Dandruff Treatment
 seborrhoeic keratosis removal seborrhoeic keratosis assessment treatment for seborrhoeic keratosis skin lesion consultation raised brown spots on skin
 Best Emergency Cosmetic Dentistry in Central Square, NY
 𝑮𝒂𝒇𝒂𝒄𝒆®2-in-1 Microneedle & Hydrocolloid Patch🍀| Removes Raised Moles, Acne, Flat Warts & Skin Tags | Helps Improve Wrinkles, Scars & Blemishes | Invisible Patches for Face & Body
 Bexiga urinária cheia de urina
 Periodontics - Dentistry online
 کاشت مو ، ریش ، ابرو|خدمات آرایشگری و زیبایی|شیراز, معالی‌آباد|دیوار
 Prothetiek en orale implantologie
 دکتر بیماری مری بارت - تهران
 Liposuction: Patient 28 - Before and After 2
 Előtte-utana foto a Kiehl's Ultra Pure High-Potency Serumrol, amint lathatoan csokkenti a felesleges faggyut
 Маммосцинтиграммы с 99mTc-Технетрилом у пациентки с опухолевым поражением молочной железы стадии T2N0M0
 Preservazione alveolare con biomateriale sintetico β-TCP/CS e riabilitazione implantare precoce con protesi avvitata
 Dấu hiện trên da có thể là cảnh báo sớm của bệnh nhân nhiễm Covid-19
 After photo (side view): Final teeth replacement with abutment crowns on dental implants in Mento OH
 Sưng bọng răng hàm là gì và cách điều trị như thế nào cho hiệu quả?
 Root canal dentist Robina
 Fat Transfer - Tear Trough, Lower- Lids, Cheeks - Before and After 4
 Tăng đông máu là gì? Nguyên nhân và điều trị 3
##############################
• [Your instructions]: The answer is to be a bare number, showing how many lines of the records contain "After".

• [Task result]: 3